(TASK MATERIAL)

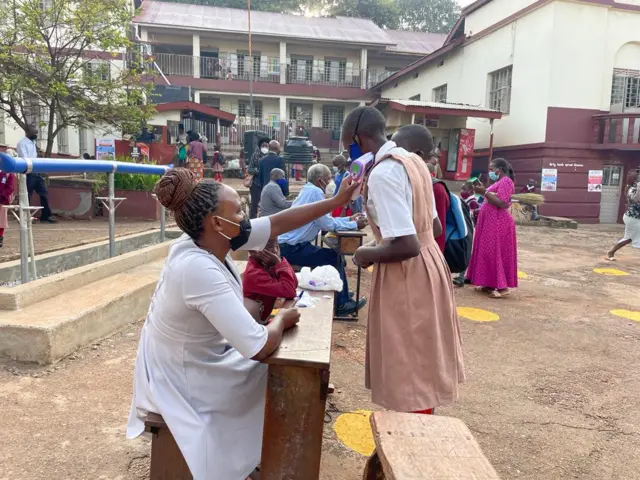 A pupil gets her temperature checked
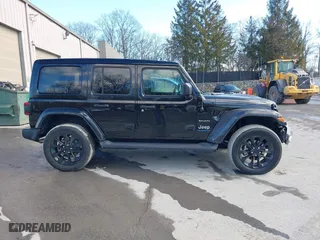 2023 Jeep Wrangler 4xe Sahara with VIN 1C4JJXP62PW613040, listed as a IAAI auction lot 41489171 with 36,818 mi miles. Bid and sale history available at carsss.com. Image 14.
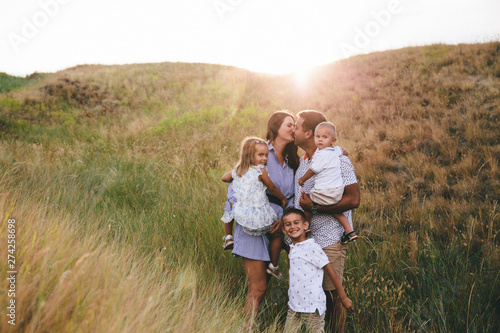 Happy dad and children hugging and having fun outdoors in a wheat field. Sunset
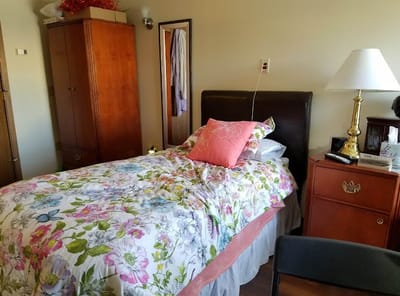 Cozy resident room with floral bedding and simple decor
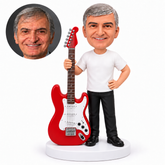 custom bobblehead figure man beside an oversized electric guitar with one hand on his hip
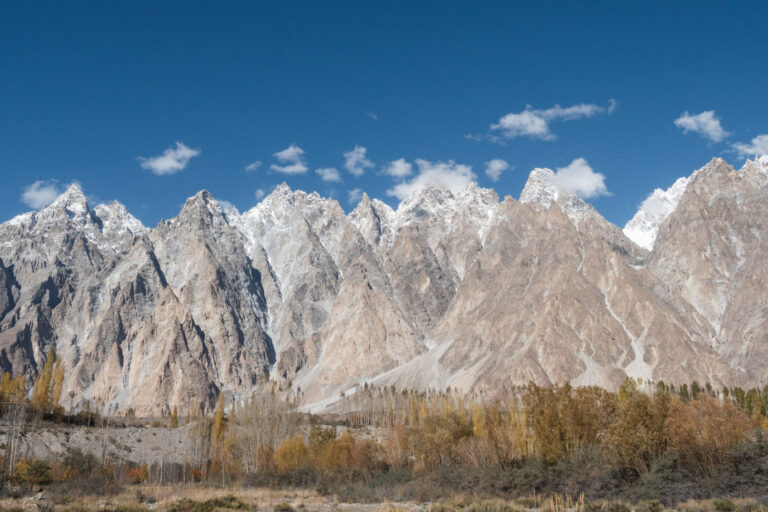 Dramatic peaks of the Passu Cones in Hunza Valley under a vibrant blue sky in northern Pakistan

(End TASK MATERIAL)

◆ WORK REQUEST:
Word for word, give the entries back in full; the pictures do not belong in the copy.

◆ OUTPUT BELOW:
 A pupil gets her temperature checked
 2023 Jeep Wrangler 4xe Sahara with VIN 1C4JJXP62PW613040, listed as a IAAI auction lot 41489171 with 36,818 mi miles. Bid and sale history available at carsss.com. Image 14.
 Happy dad and children hugging and having fun outdoors in a wheat field. Sunset
 Cozy resident room with floral bedding and simple decor
 custom bobblehead figure man beside an oversized electric guitar with one hand on his hip
 Dramatic peaks of the Passu Cones in Hunza Valley under a vibrant blue sky in northern Pakistan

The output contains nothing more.